Work instruction >> Would you retype the listing word for word, skipping its pictures?
───── Information supplied
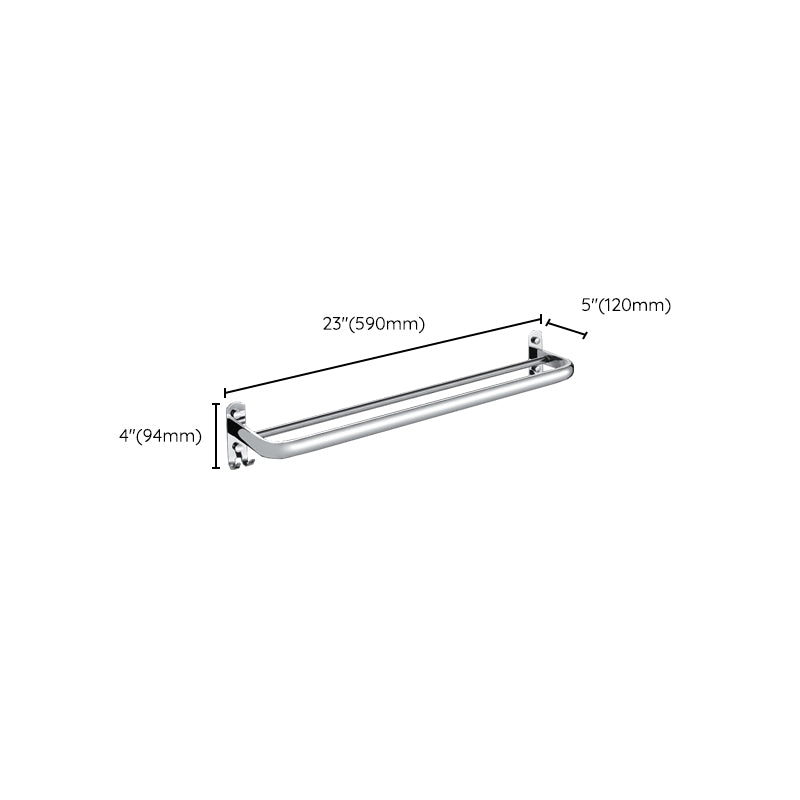 Chrome Bathroom Hardware Set Stainless Steel - Towel Rail, Hooks, Shelf, view 31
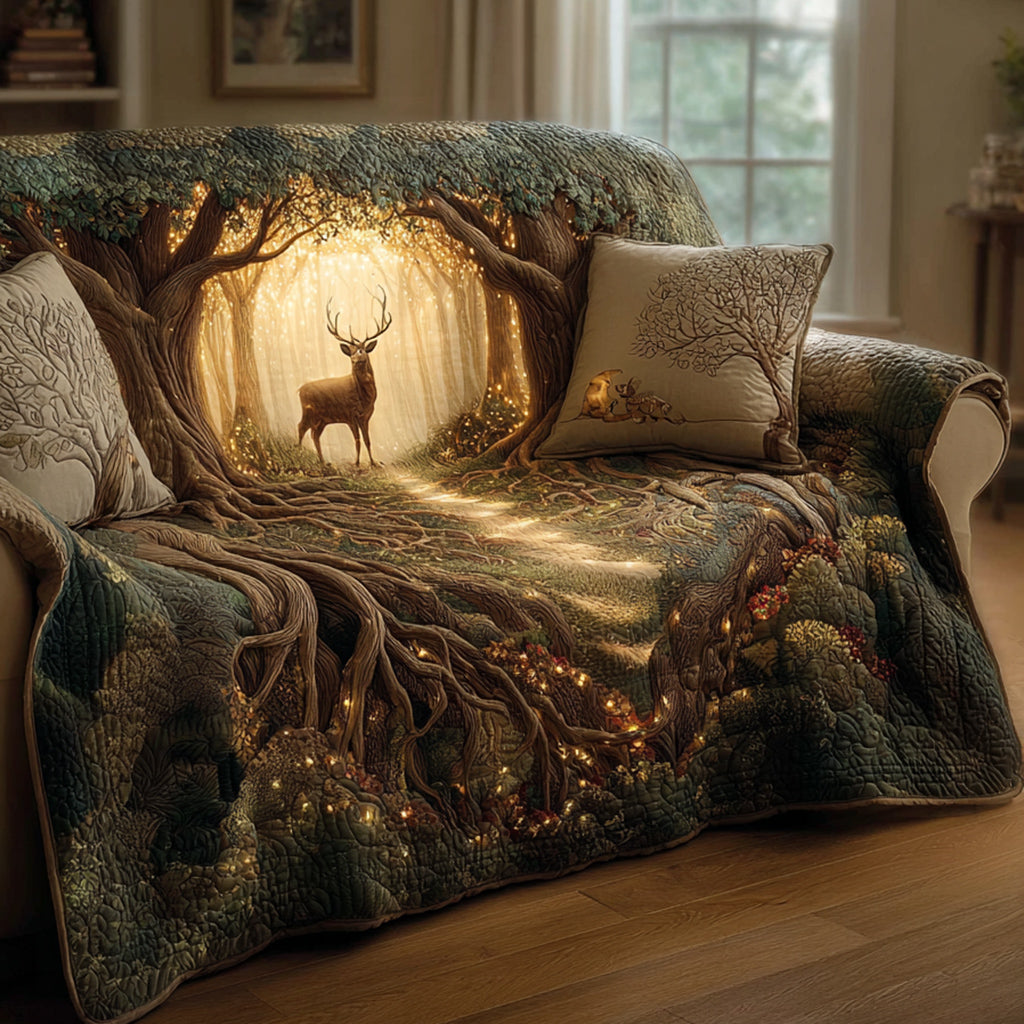 Quilted sofa cover - Deer forest — view 1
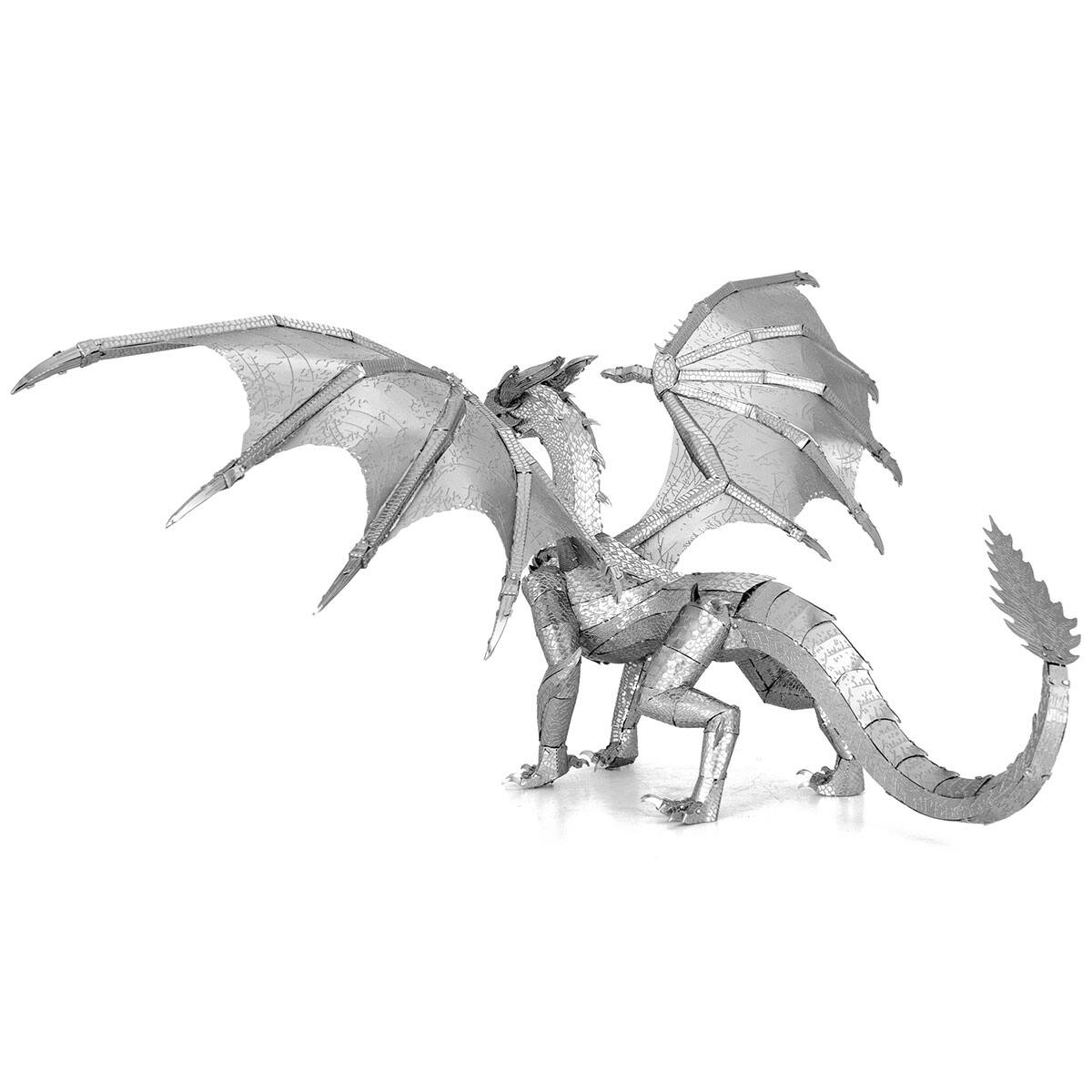 Alt View 1. Metal Earth - Metal Earth Steel Dragon 3D Metal Model Kit Fascinations - Silver.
──────────
Your response >>
 Chrome Bathroom Hardware Set Stainless Steel - Towel Rail, Hooks, Shelf, view 31
 Quilted sofa cover - Deer forest — view 1
 Alt View 1. Metal Earth - Metal Earth Steel Dragon 3D Metal Model Kit Fascinations - Silver.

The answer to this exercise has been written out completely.